晏曼聞言偏過頭,看着面前這個好看的陌生人:“那能贏嗎?”
“難說。”沈爾搖了搖頭,“要看莉莉娅和辛德拉能不能打出好的配合。”
晏曼沒再說話,滿臉揪心地看着場上的比賽。
比賽進行到第六分鐘的時候,辛德拉推球推空,被小魚人乘勝追擊越塔強殺。
沈爾擰起了眉毛,感覺到了一絲不對勁。
十分鐘的時候,下路輔助和對面AD互換,璐璐殘血後撤時,被不知道從哪個方向滾過來的一個莉莉娅的球标中,收下了人頭。
十五分鐘,辛德拉雖然沒有再被擊殺過,但那一波被殺使得他陷入對線劣勢,硬拖着被小魚人領先了三十多個小兵和将近一級半的經驗。
二十三分鐘一波小龍團,莉莉娅閃現砸下技能,對面龍坑裏的四個人全都帶上了夢塵标記,而也在被動加速下飛快地和對面拉開了距離。
“我快到了,可以睡。”ADC和輔助兩個人眼瞧着已經走進了自家野區,晏晟摁下大招。
她的大招,則是使所有帶了夢塵标記的英雄先困倦再睡眠,是一個很強的團控。
然後,對面陷入睡眠的那一刻,一個從河道砸過來的球,打破了中單和輔助的睡眠,對面幾個人瞬間解除被控狀态。
璐璐給小魚人上了加速,小魚人直接抓着三叉戟戳向了莉莉娅,本就發育超前的小魚人一套傷害下來,莉莉娅毫無還手之力。
擊殺完莉莉娅,只身一人在河道的辛德拉和已經趕到無法撤回的下路雙人組也被攔住,最終女警拼死換掉了寒冰。
四換一,掉小龍的同時,猴子站在視野上鑽進了莉莉娅的野區,出來的時候身上帶着紅buff。
晏晟深呼了一口氣,冷笑道:“好球啊。
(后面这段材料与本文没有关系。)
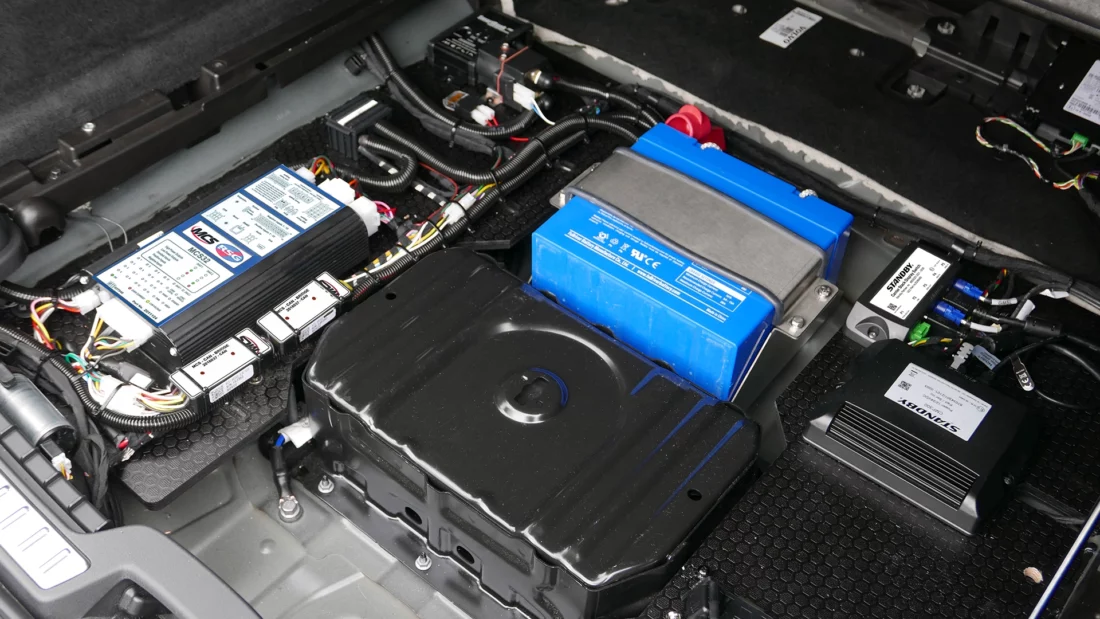 Electrical installation, close up angle view with neat wiring in the back of a Volvo.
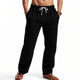 Black linen beach shorts with drawstring waist and straight legs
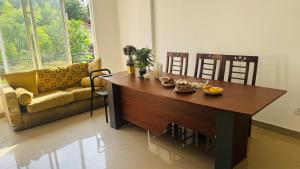 a living room with a wooden table and chairs at Sunrise City Bliss in Sri Jayewardenepura Kotte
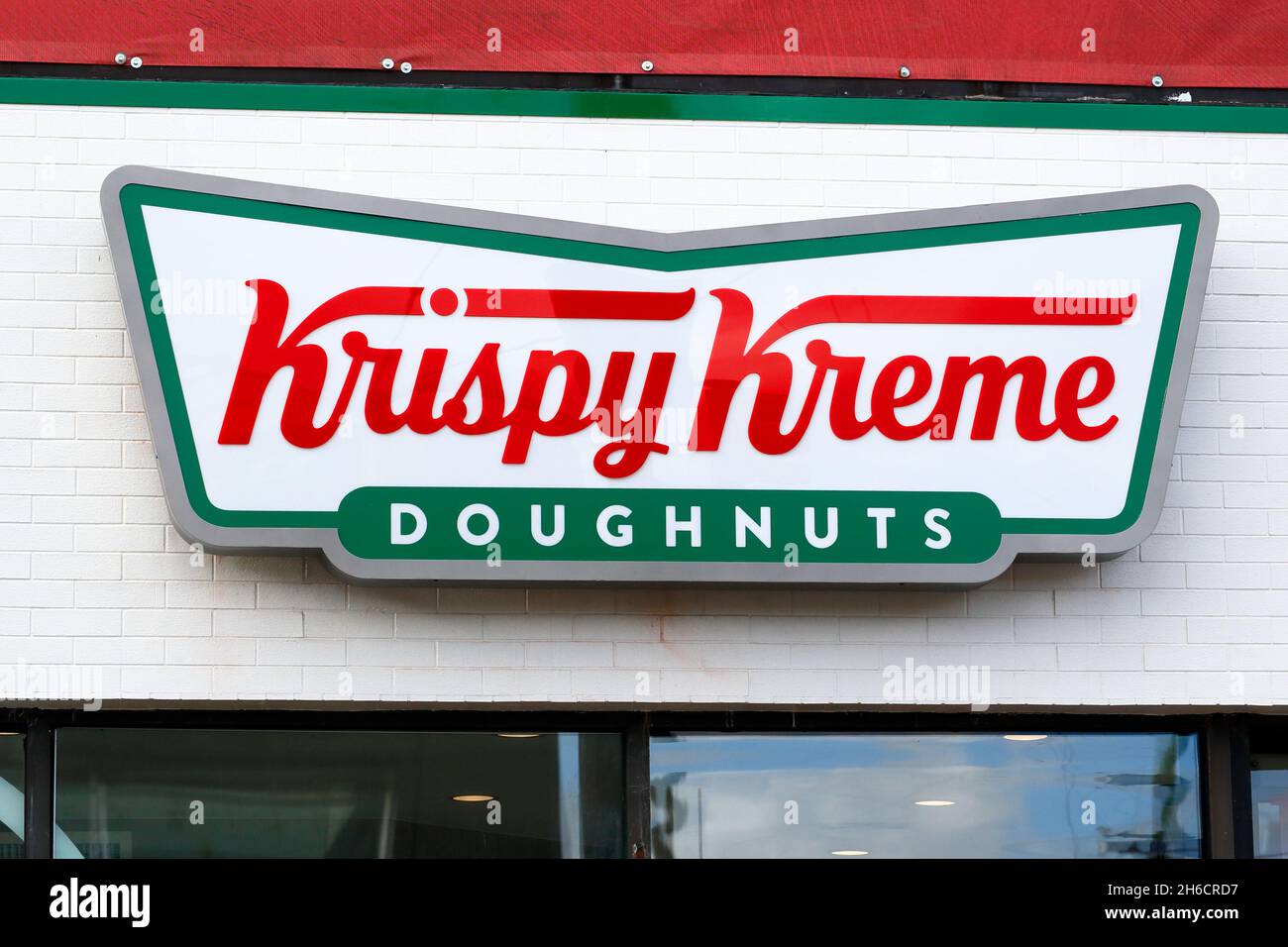 Krispy Kreme doughnuts signage on a wall of a retail store. Stock Photo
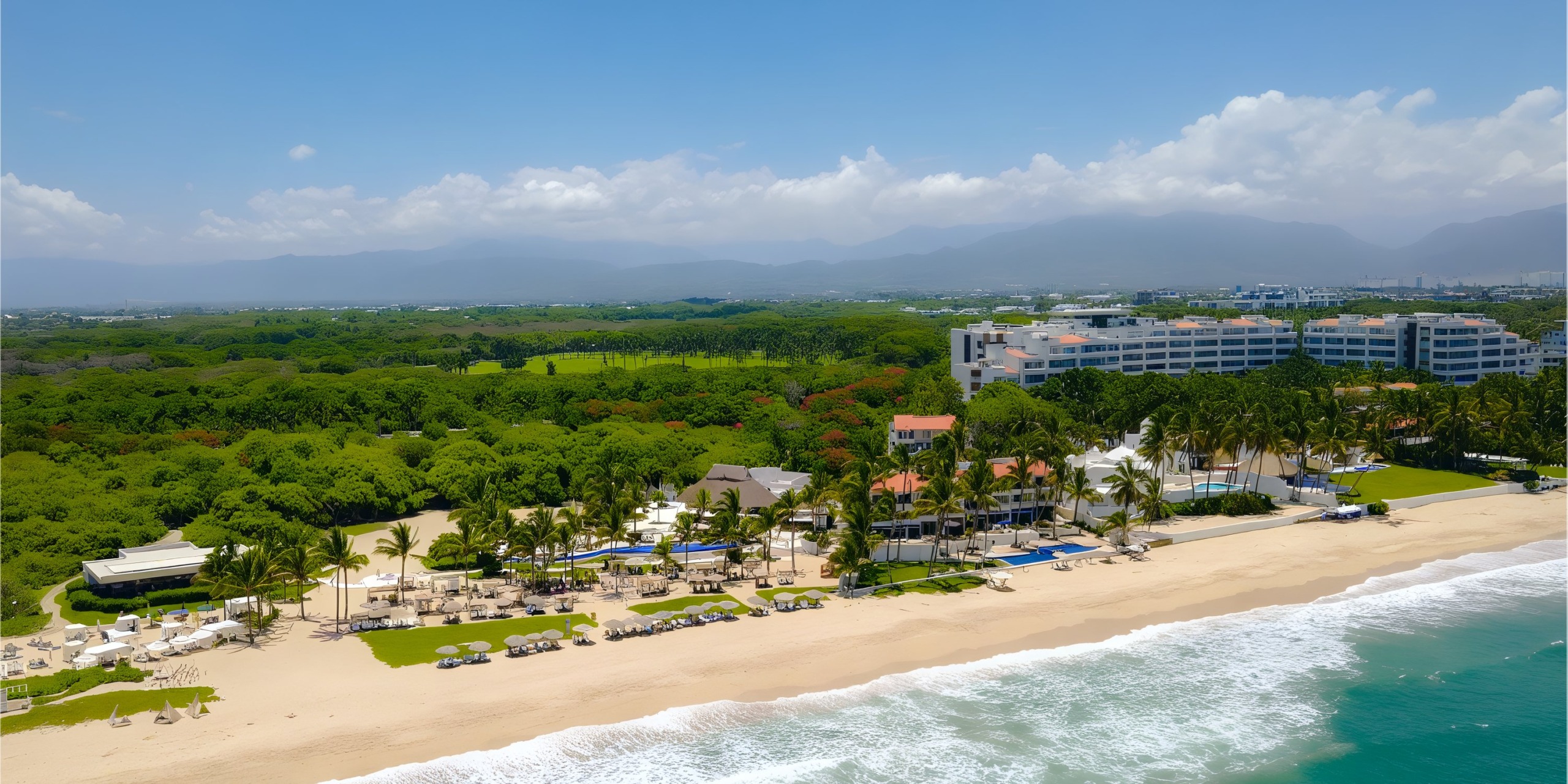 Aerial view of Marival Distinct, a resort on a sandy beach with palm trees, lounge chairs, and a pool; waves crash on the shore under a clear blue sky.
”
與此同時,解說的聲音也充滿了詫異:“辛德拉這個球砸得毫無必要啊,莉莉娅這波睡了四個,女警和錘石也要到了,這波打破睡眠直接把主動變成了被動啊——”
“不僅如此,丢掉小龍野區的同時,下路直接推上高地了啊。”
說實話,沈爾看着有些生氣。
而在臺上的晏晟表情看起來也并沒有好到哪裏去。
這麽一波拉回經濟的大好局勢,被辛德拉一個輕飄飄的球徹底打碎,陷入了比之前還要被動的狀态。
十分鐘後,第一局游戲結束。
BTF0:1PT
從場上回到後臺休息室的一段路,晏晟一言不發,從松銘的口袋裏拿了煙盒,走進了吸煙室。
“這比賽打得我現在一頭火。”晏晟點燃煙,深吸了一口吐出煙霧,“我再脆弱點我能直接被氣死在這個比賽臺上。”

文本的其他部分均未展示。